The agency says its proposal would reduce emissions from the next generation of stoves and heaters by an estimated 4,825 tons a year — an 80 percent reduction over estimated emissions without the rule. The EPA projects that volatile organic compound (VOC) emissions from future new heaters would be 76 percent lower as a result of the rule and carbon monoxide emissions would be 72 percent lower compared to current requirements.
The proposal would affect a variety of wood heaters manufactured beginning in 2015 and will not affect heaters and stoves already in use in homes or currently for sale.
The proposal covers several types of new wood-fired heaters, including: woodstoves, fireplace inserts, indoor and outdoor wood boilers (also called hydronic heaters), forced air furnaces and masonry heaters.
The EPA says many residential wood heaters already meet the first set of proposed standards, which would be phased in over five years to allow manufacturers time to adapt emission control technologies to their particular model lines.
The proposal does not cover fireplaces, fire pits, pizza ovens, barbecues and chimineas.
Smoke from residential wood heaters can increase toxic air pollution, VOCs, carbon monoxide and soot, also known as particle pollution, to levels that pose serious health concerns.

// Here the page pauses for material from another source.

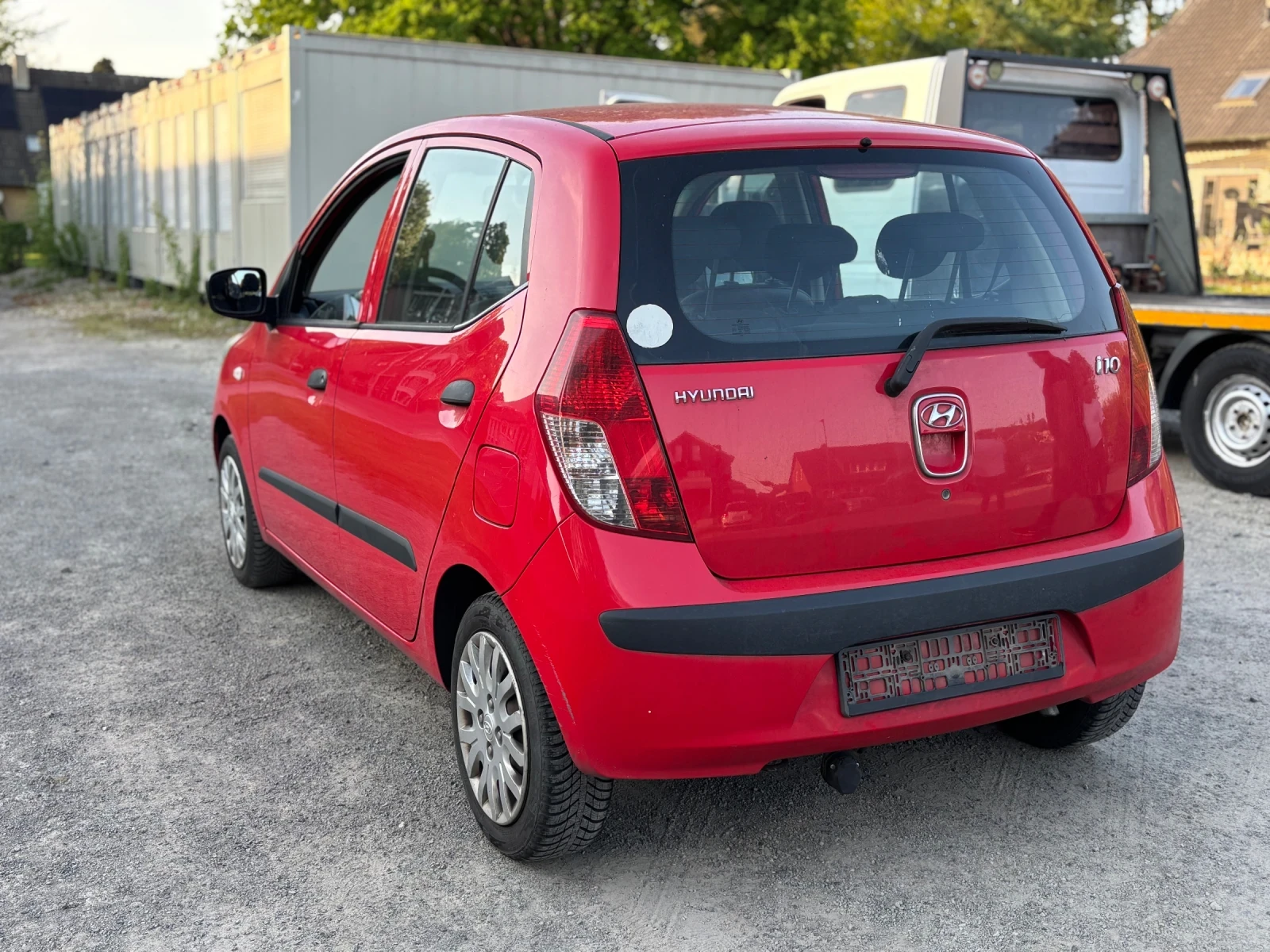 Hyundai I10 1.1  - изображение 5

When these standards are fully implemented, the EPA estimates that for every dollar spent to comply with these standards, the American public will see between $118 and $267 in health benefits. The total health and economic benefits of the proposed standards are estimated to be at $1.8 to $2.4 billion annually.
The EPA will take comment on the proposal for 90 days after it is published in the Federal Register. The agency will hold a public hearing Feb. 26 in Boston and expects to issue a final rule in 2015.
Late last month 75 Chambers of Commerce from across the US filed an Amicus Curiae brief objecting to the EPA’s authority to regulate air pollution. The Supreme Court heard the EPA’s arguments in the Cross-State Air Pollution Rule in December and most of the eight judges hearing the case voiced some support for the regulations.